:: EXERCISE BRIEF ::
Among the entries below, which lines run from the line with "The Elder Scrolls" through the line with "PUMA Herren Ultra"? Retype those, both ends included, exactly and without pictures.

:: EXERCISE MATERIALS ::
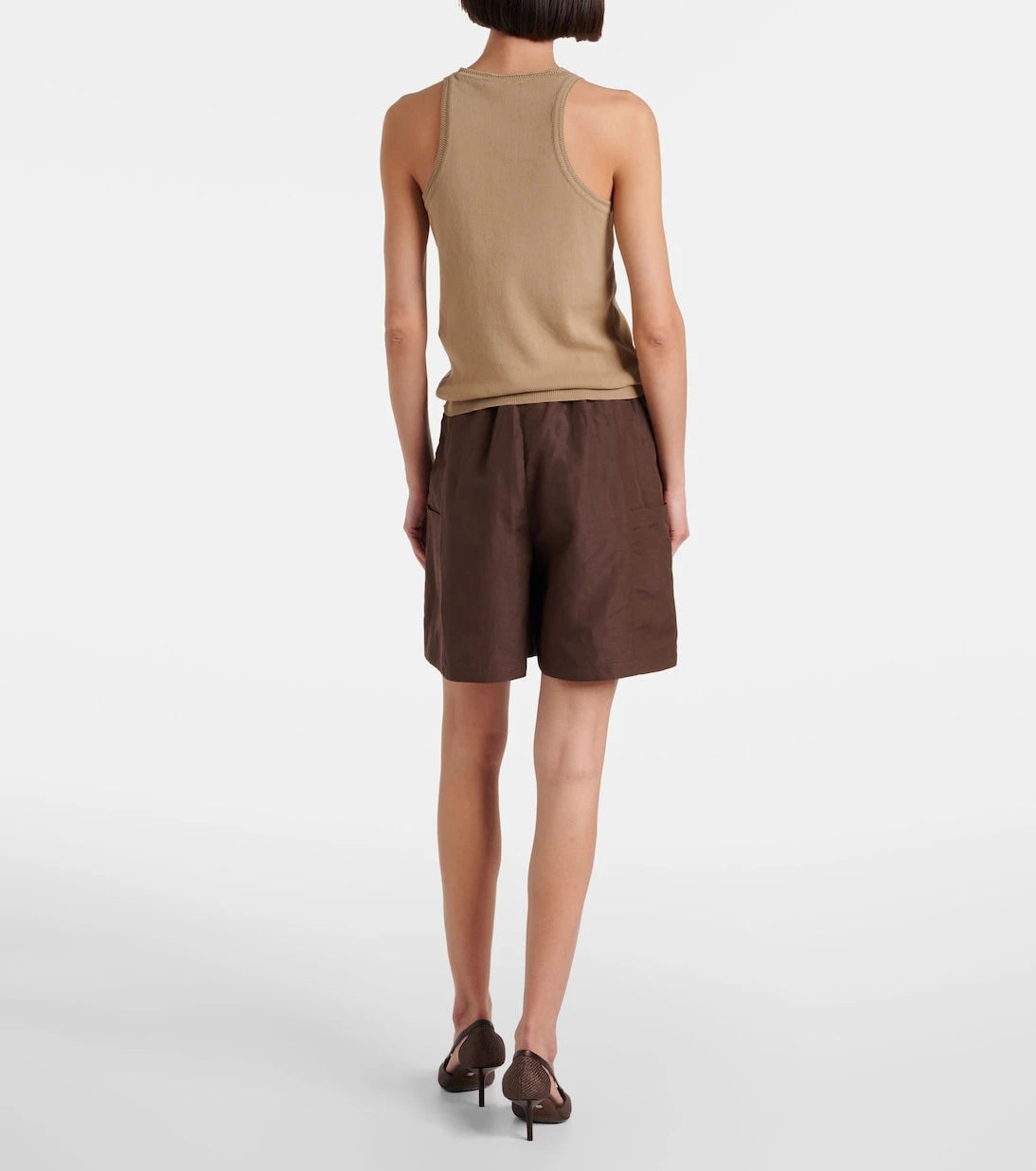 Max Mara - Cotton tank top
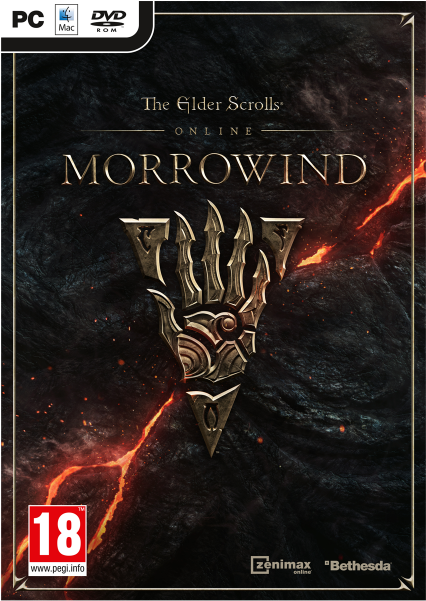 The Elder Scrolls Online Morrowind - Morrowind Poster Clipart (600x600), Png Download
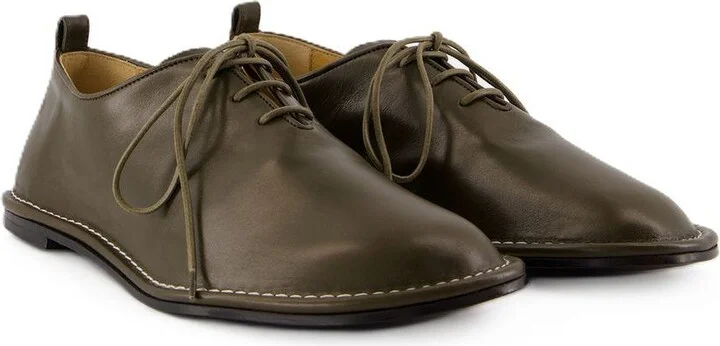 AMI Paris One Cut Shoes Flat Shoes - Image 2
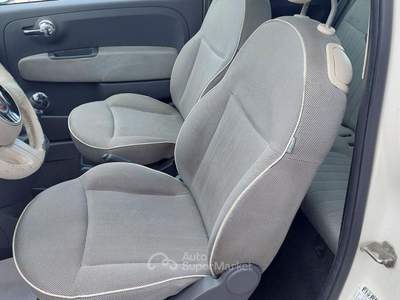 Fiat 500 1.3 Multijet 16V 75 CV Lounge Bianco usata Civitella in Val di Chiana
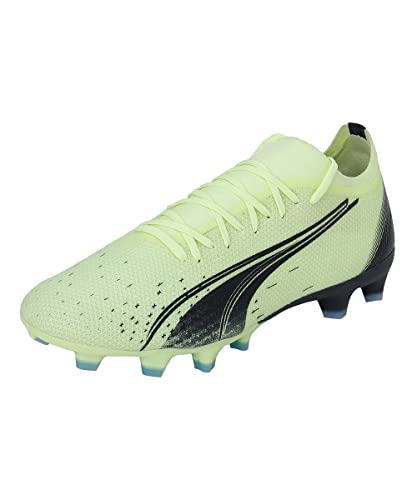 PUMA Herren Ultra Match FG/AG Fußballschuh, Fizzy Light-Parisian Night-Blue Glimmer, 44.5 EU von PUMA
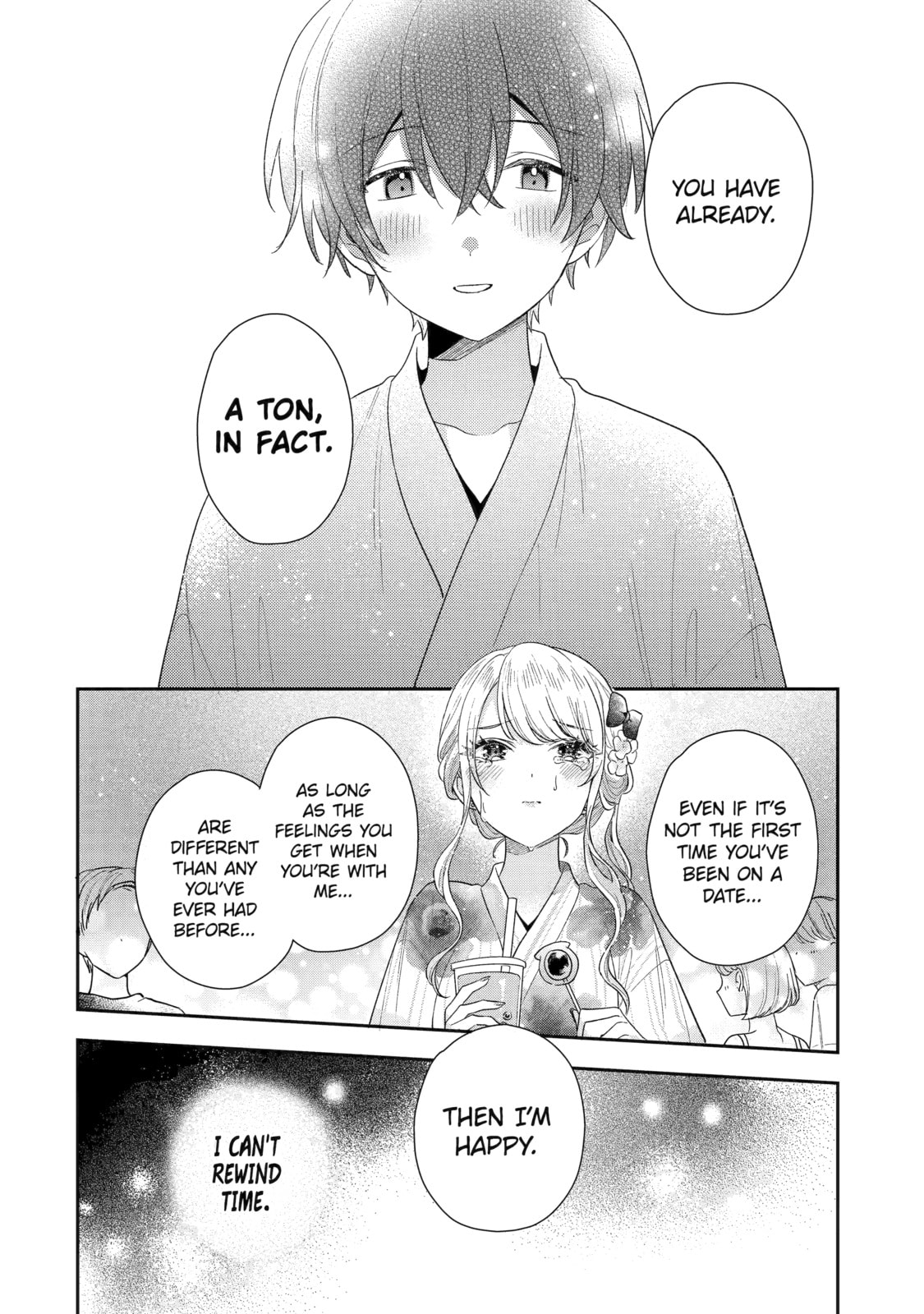 You Were Experienced, I was Not: Our Dating Story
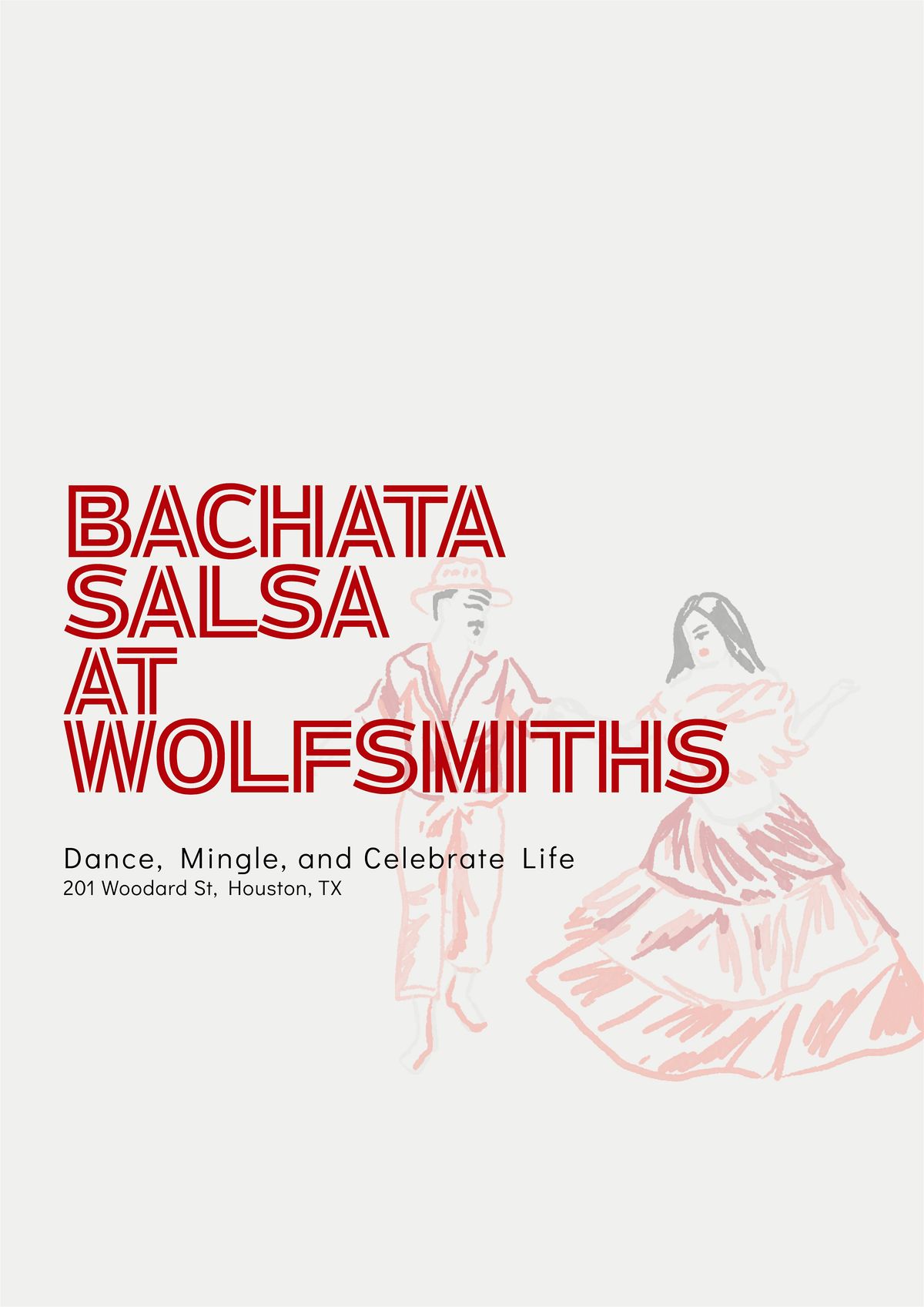 \u2728Bachata & Salsa at Wolfsmiths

:: RESULT OF THE EXERCISE ::
 The Elder Scrolls Online Morrowind - Morrowind Poster Clipart (600x600), Png Download
 AMI Paris One Cut Shoes Flat Shoes - Image 2
 Fiat 500 1.3 Multijet 16V 75 CV Lounge Bianco usata Civitella in Val di Chiana
 PUMA Herren Ultra Match FG/AG Fußballschuh, Fizzy Light-Parisian Night-Blue Glimmer, 44.5 EU von PUMA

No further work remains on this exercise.